Discriminatory Housing

Discriminatory housing protest, Los Angeles, 1946
Courtesy of Los Angeles Daily News Collection, Department of Special Collections, Charles E. Young Research Library, UCLA

In the 1910s, Los Angeles established a national legal precedent for exclusionary zoning for upscale single-family residents.  Typically, private homeowner associations excluded all non-Caucasians from occupancy, except as domestic servants. By World War I, deed restrictions—“restrictive covenants”—were enacted as Jim Crow legislation and enforced by these homeowner associations.  By the 1920s, 95% of LA’s housing was off-limits to blacks and Asians. 

Across the U.S., federal housing policy of the 1930s and ‘40s increased access to homeownership among whites, while increasing housing instability and displacement in minority communities. The Federal Housing Authority, established in 1934, and the GI Bill, passed in 1944, made homeownership a reality for millions of Americans.  However, discriminatory lending practices such as “redlining”—a practice where banks refused to grant home-purchase loans in certain areas based on their ethnic/racial composition—denied many minorities these government-supported homeownership opportunities.

It wasn’t until the Civil Rights era in the 1960s that these redlining policies began to be legally dismantled, although discrimination in housing, such as the practice of racial steering by real estate agents, still exists today.

Los Angeles “redlining map” prepared by the Federal Home Loan Bank Board, September 30, 1939
Courtesy of “T-RACES: A Testbed for the Redlining Archives of California’s Exclusionary Spaces,” R. Marciano, D. Goldberg, C. Hou, University of North Carolina.

From the Testbed for the Redlining Archives of California’s Exclusionary Spaces (T-RACES) project.

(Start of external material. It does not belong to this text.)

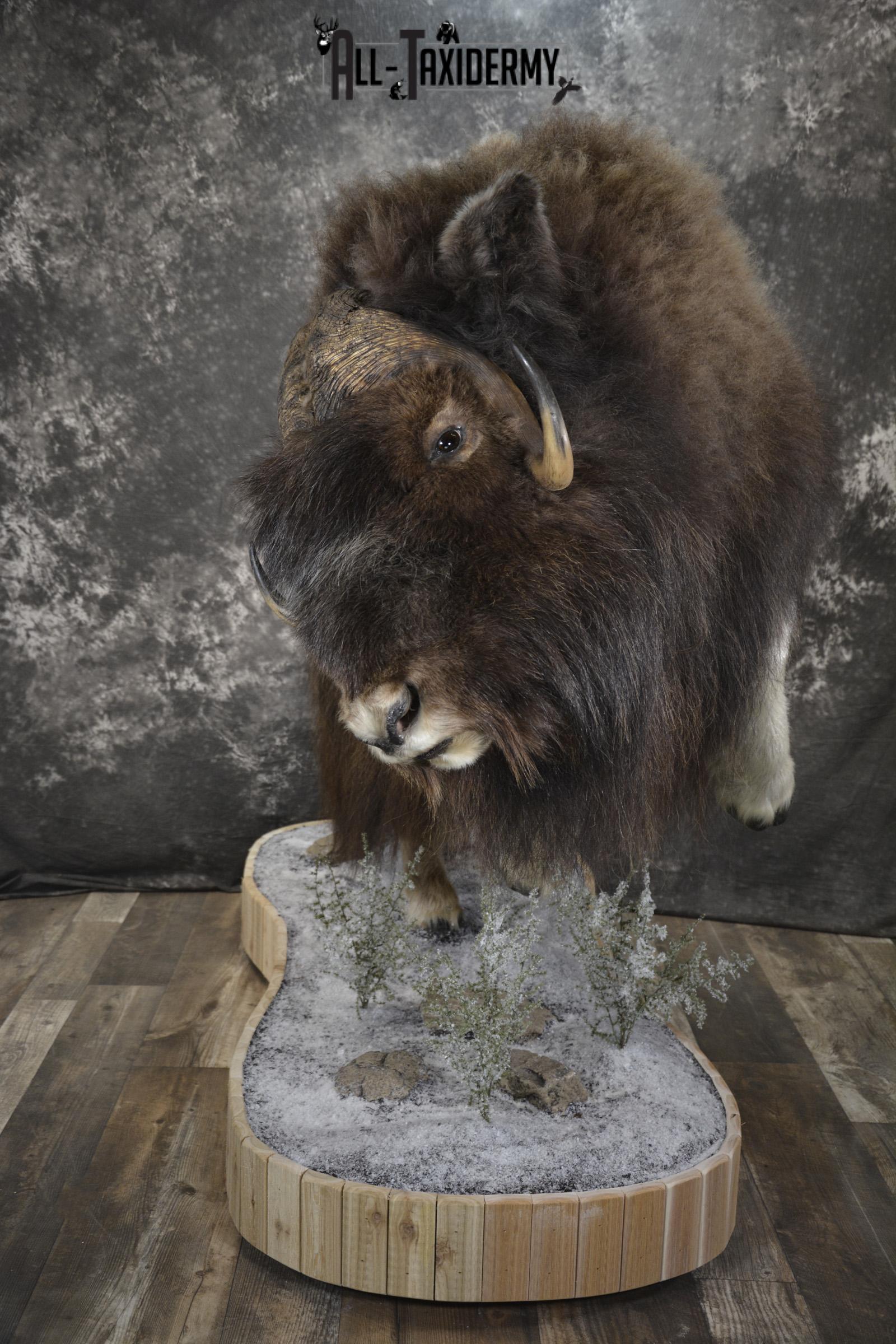 Full Body Muskox taxidermy mount for sale SKU 2089 - Image 23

“Confidential Residential Security Maps for all major U.S. cities were prepared by the Home Owners’ Loan Corporation (HOLC), with special assistance from “competent local real estate brokers and mortgage lenders, believed to represent a fair and composite opinion of the best qualified local people”.

From “HOLC Division of Research and Statistics with Cooperation of the Appraisal Department, San Diego, October 20, 1936.”
(part of the San Diego redlining files)

From the Report: “Red areas represent those neighborhoods in which the things that are now taking place in the Yellow neighborhoods, have already happened. They are characterized by detrimental influences in a pronounced degree, undesirable population or infiltration of it. Low percentage of home ownership, very poor maintenance and often vandalism prevail. Unstable incomes of the people and difficult collections are usually prevalent. The areas are broader than the so-called slum districts. Some mortgage lenders may refuse to make loans in these neighborhoods and other will lend only on a conservative basis.

Yellow areas are characterized by age, obsolescence, and change of style; expiring restrictions or lack of them; infiltration of a lower grade population; the presence of influences which increase sales resistance such as inadequate transportation, insufficient utilities, perhaps heavy tax burdens, poor maintenance of homes, etc. “Jerry” built areas are included, as well as neighborhoods lacking homogeneity. Generally, these areas have reached the transition period. Good mortgage lenders are more conservative in the Yellow areas and hold loan commitments under the lending ratio for the Green and Blue areas.

Blue areas, as a rule, are completely developed. They are like a 1935 automobile still good, but not what the people are buying today who can afford a new one. They are the neighborhoods where good mortgage lenders will have a tendency to hold loan commitments 10-15% under the limit.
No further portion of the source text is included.